Ahora se ha sumado una tercera perspectiva, la de los tribunales argentinos, que cada vez que se encuentran con estos dos componentes juntos (indio y muerte) se hacen un fenomenal embrollo y tienden a mirar para otro lado.
Atrás ha quedado sin dudas la rígida virilidad fundacional de John Wayne para explicar el lugar que tiene (o debería tener, a juicio del Hollywood blanco e intelectual) el indio y sus circunstancias. Hoy, por razones que son del todo comprensibles, el indio es un personaje multi-influyente, sea en festivales multitudinarios, en usurpaciones de terrenos o en la designación y derribo de jueces.
El pensamiento que organiza esta variada influencia es: si el indio traspasa la vida, lo lógico es que traspase también la muerte. No solo que el indio no muera (son eternos e invulnerables), sino también que los que mueren a su alrededor nada tengan que ver con ellos, nunca y en ninguna circunstancia.

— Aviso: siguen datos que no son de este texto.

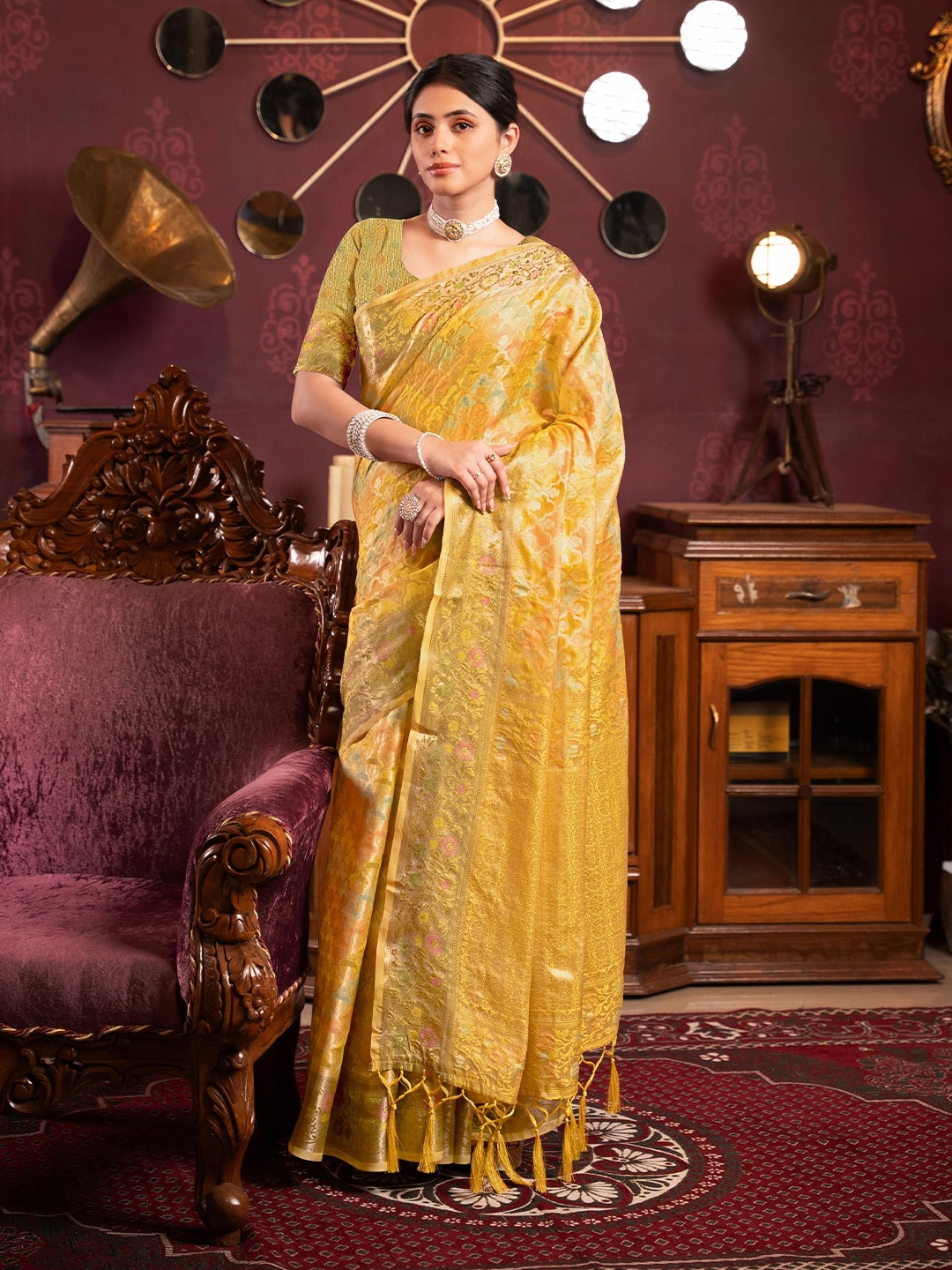 

ALAGINI Woven Design Zari Organza Saree, Yellow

Peor todavía si la muerte va por pares.
Cada vez que el indio entra en contacto (no necesariamente estrecho) con la parca, los jueces echan a temblar como flanes recién desmoldados. El indio es pureza, rezuma vida y verborragia y está ontológicamente diseñado para retozar en las praderas y no para caminar los pasillos judiciales. ¿Cómo hacer entonces para que asuman las resposabilidades que les cabe como cualesquiera otros ciudadanos?
No es una pregunta banal: es la clave del universo de la democracia argentina.